Like/Dislike Relationship With Facebook

I know this seems a pretty random post, but it’s not.  I tend to vacillate back-and-forth on this subject, often. I’ve hesitated writing about it because I’m sure it will open a can of worms.

While I enjoy Facebook since it’s really the easiest way to keep track of family & friends who I might lose contact with otherwise, there’s a lot I don’t enjoy.

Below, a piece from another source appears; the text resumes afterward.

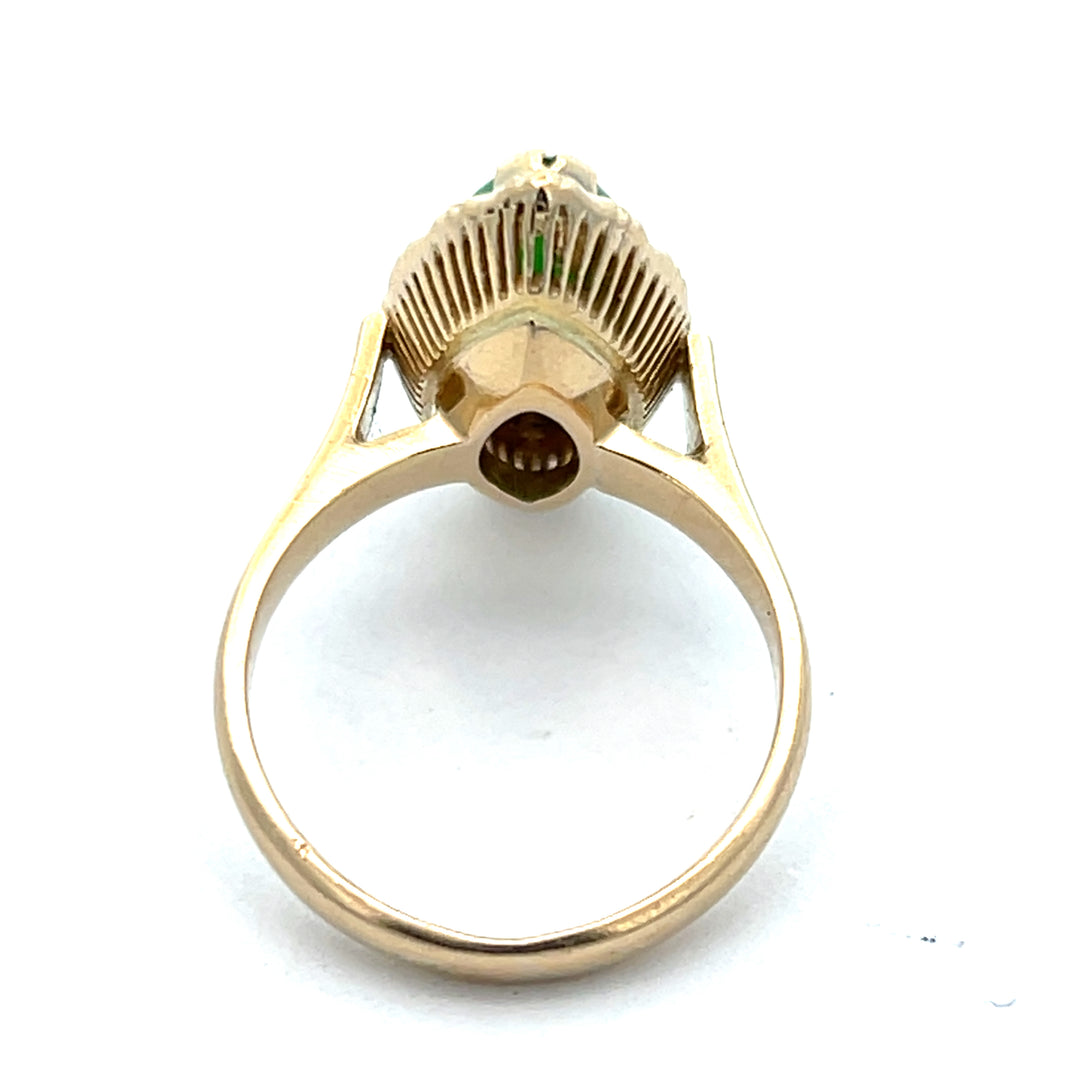 14K Yellow Gold Jade Estate Ring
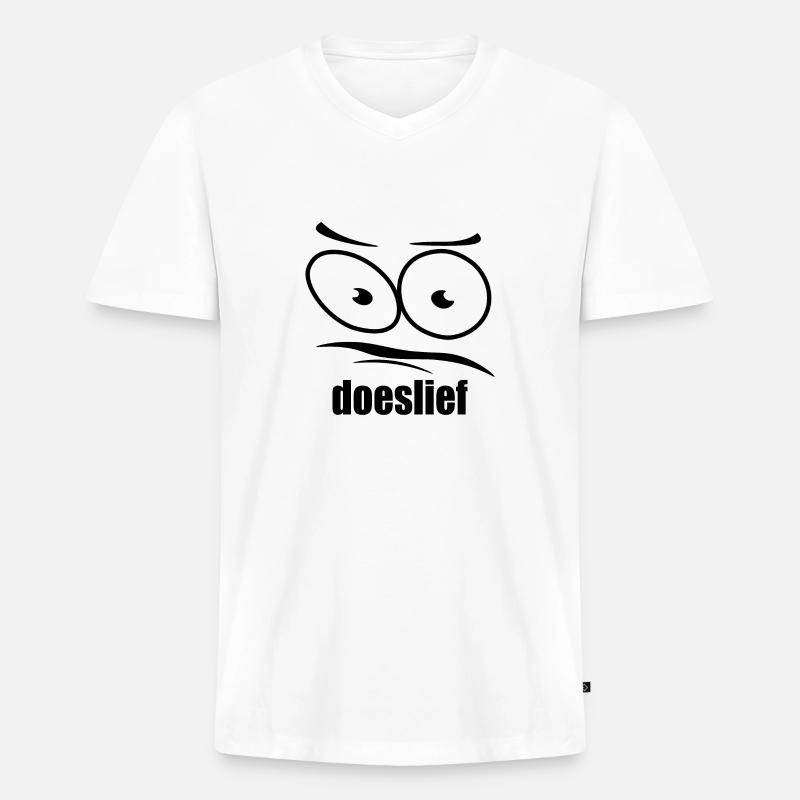 doeslief flehende Augen mit Fragezeichen-Blick - Männer Premium Bio T-Shirt mit V-Ausschnitt - Weiß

I don’t mean this to sound negative, just sounding off about this because every so often it irks me.  Yes, I realize it’s a free site & I can come & go as I please but every time I think of cutting the cord it’s losing touch with family & friends that keeps me from nipping it in the bud completely. Instead, I’ve gone to setting time limits. I find if I limit myself to an hour or two a day it doesn’t bother me as much & the negativity gets under my skin less.

My main pet peeve is certain discussions that keep coming up that essentially are used as bait for starting arguments. This can be on walls themselves or within support-oriented groups.  I have a few people that I’m sure are not trolls, but everything I read seems to come across that way.  I try & limit contact but in certain spheres like groups, it’s hard because if I block them then I am potentially cut off of half of a conversation.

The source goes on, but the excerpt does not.